In July 2020, the Pennsylvania Supreme Court agreed to tackle the thorny question of whether Amazon can be held liable for defective products sold by third parties on its website. The Third Circuit offered up the case in June after hearing arguments in February and concluding that it was “unable to predict based on existing case law, if and how the Pennsylvania Supreme Court would apply [the law] to e-commerce businesses like Amazon.” The Pennsylvania Supreme Court agreed to address this matter of first impression and decide whether Amazon faces strict liability for products purchased from third-party vendors when the product “was neither possessed nor owned by” Amazon.

The case stems from claims filed by the plaintiff against Amazon advancing strict liability theories (failure to warn and design defect), after she sustained injuries from an allegedly faulty dog collar purchased from a third party vendor on As in other jurisdictions that apply the Restatement (Second) of Torts, Section 402A, strict products liability in Pennsylvania extends only to “sellers” of products. The determination of whether an entity is a “seller” requires the consideration of multiple factors primarily focused on teasing out the level of control an entity has, such as warranty, title, control sufficient to inspect, economic benefit, control over design and manufacture. Amazon won summary judgment in the district court in December 2018 after the court determined that an online retailer like Amazon did not constitute a “seller” as defined under Pennsylvania tort law.

On appeal, the Third Circuit reversed, holding that Amazon did meet the criteria of a “seller,” but this holding was effectively nullified when the Third Circuit agreed to hear the case en banc.
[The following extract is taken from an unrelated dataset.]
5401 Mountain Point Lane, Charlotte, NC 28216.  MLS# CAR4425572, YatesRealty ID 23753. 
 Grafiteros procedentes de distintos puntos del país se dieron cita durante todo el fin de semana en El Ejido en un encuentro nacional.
Before certifying the matter for review by the state Supreme Court, the Third Circuit expressed uncertainty as to the correct test for applying strict liability to an online marketplace. Specifically, the Third Circuit was unsure whether it was required to determine, as a threshold matter, whether Amazon “is in the business of selling the kind of product at issue.”

Amazon has continued to argue that being a seller requires the transfer of ownership from one party to another – clearly inapplicable in the case of third party vendors who merely use Amazon’s platform to facilitate transactions. Plaintiff, on the other hand, has claimed that the “extreme” degree of control that Amazon exerts on all parties transacting over its marketplace renders it a seller within the meaning of Pennsylvania law and, therefore, Amazon should not be able to dodge liability when a product proves ultimately defective.

Determination of this issue will greatly impact Amazon’s, and other online marketplaces’, exposure to liability for products sold by third parties on their websites in states that follow the Restatement’s approach to strict liability in the Third Circuit and potentially beyond.